Observation data Epoch J2000 Equinox ICRS
- Constellation: Volans
- Right ascension: 08^{h} 25^{m} 44.19472^{s}
- Declination: −66° 08′ 12.8050″
- Apparent magnitude (V): 3.75

Characteristics
- Evolutionary stage: horizontal branch
- Spectral type: K2 III
- B−V color index: +1.13

Astrometry
- Radial velocity (R_{v}): +27.4±0.7 km/s
- Proper motion (μ): RA: −35.74±0.10 mas/yr Dec.: −152.22±0.10 mas/yr
- Parallax (π): 30.33±0.10 mas
- Distance: 107.5 ± 0.4 ly (33.0 ± 0.1 pc)
- Absolute magnitude (M_{V}): +1.18

Details
- Mass: 1.62±0.20 M_{☉}
- Radius: 10.0 R_{☉}
- Luminosity: 42 L_{☉}
- Surface gravity (log g): 2.30 cgs
- Temperature: 4,650 K
- Metallicity [Fe/H]: −0.01 dex
- Rotational velocity (v sin i): <1.0 km/s
- Other designations: β Vol, CD−65°648, GJ 3499, HD 71878, HIP 41312, HR 3347, SAO 250228

Database references
- SIMBAD: data

= Beta Volantis =

Star in the constellation Volans

Beta Volantis, Latinized from β Volantis, is the second-brightest star of the southern constellation of Volans, after Gamma2 Volantis. It has an apparent visual magnitude of 3.75, which is sufficiently bright to allow it to be viewed with the naked eye.

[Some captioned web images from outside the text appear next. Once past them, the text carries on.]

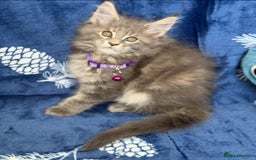 Maine Coon cats for sale: Pedigree MainCoon Kittens  - Image 28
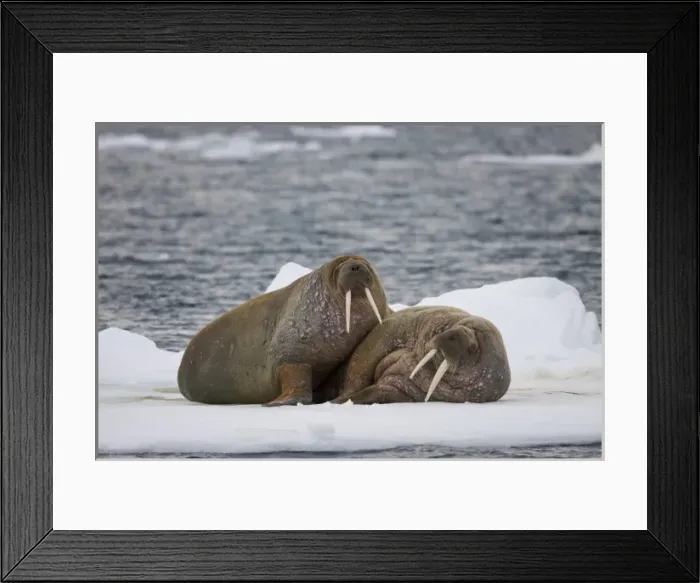 Framed Print : Norway, Svalbard, Edgeoya Island, Walrus (Odobenus rosmarus) resting together Framed Print : Norway, Svalbard, Edgeoya Island, Walrus (Odobenus rosmarus) resting together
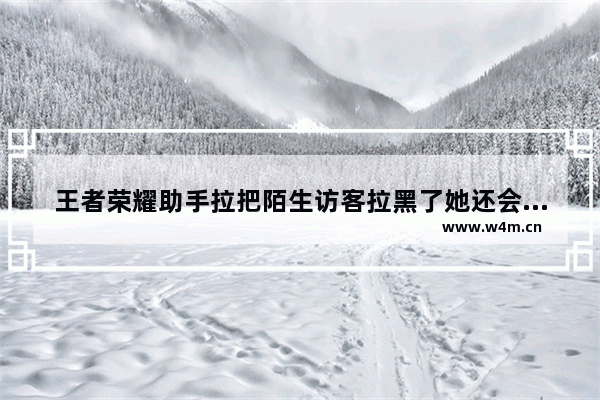 王者荣耀助手拉把陌生访客拉黑了她还会看到你游戏在线吗 农业银行网银助手点不动怎么回事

Based upon an annual parallax shift of 30.33 mas as seen from Earth, its distance can be estimated as 107.5 light years from the Sun. The star is moving away from the Sun with a radial velocity of +27 km/s.

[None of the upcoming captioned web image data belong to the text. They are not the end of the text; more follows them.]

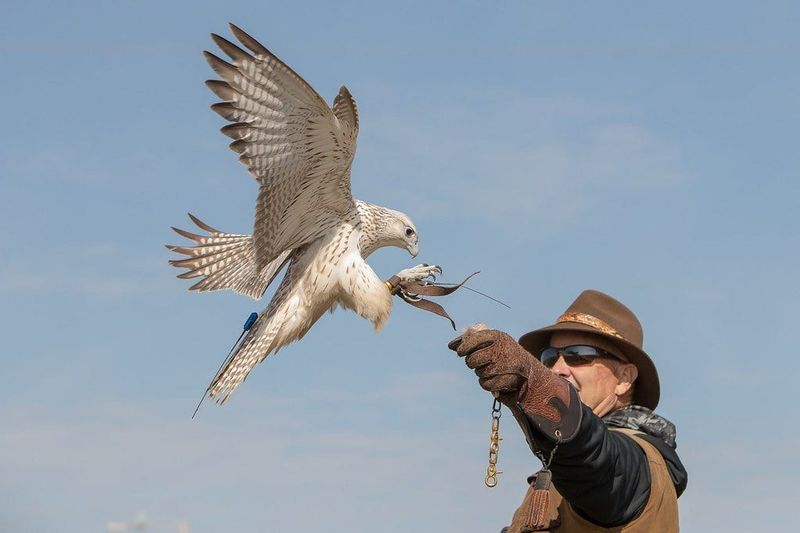 At times Jonathan Wood has had 16 birds on the Extreme Raptors roster, including the all-white Icelandic gyrfalcon. He's presented shows in 49 of the 50 states (only missing Hawaii). He'll be at the 2025 Muskingum County Fair Aug. 10-16.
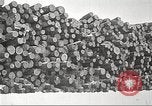 Image of lumber industry United States USA, 1922, second 18 stock footage video 65675063924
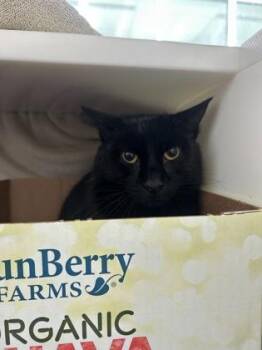 Jimmy -  Domestic Short Hair Cat for Adoption in Westland, Michigan - Jimmy | PetCurious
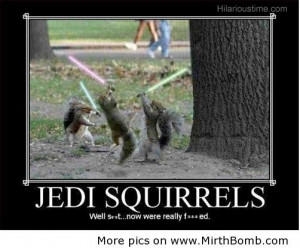 Jedi funny squirrels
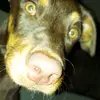 barbarabenton556 - @barbbenton - TikTok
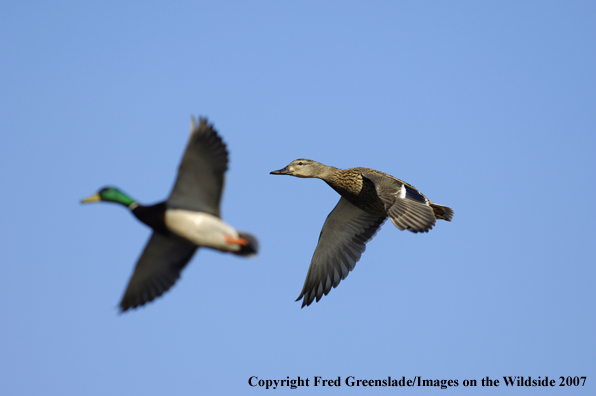 Mallard duck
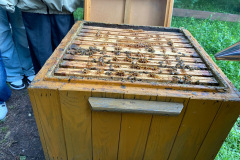 9a3911f7-7b11-4e91-944a-3ed244515c18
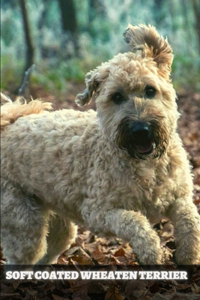 Soft Coated Wheaten Terrier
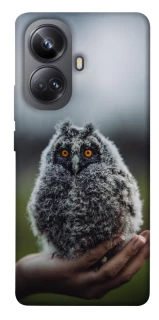 Чехол на Realme 10 Pro+ Совёнок фото 1 из 1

This is a single, orange-hued star with a stellar classification of K2 III, indicating it is an evolved K-type giant star. It is a red clump star, which means it is on the horizontal branch and is generating energy through helium fusion at its core. The stellar mass has been estimated via astroseismology, giving a value of 1.6 times the mass of the Sun. It has expanded to 10 times the radius of the Sun and is radiating about 42 times the Sun's luminosity from its enlarged photosphere at an effective temperature of ±4650 K.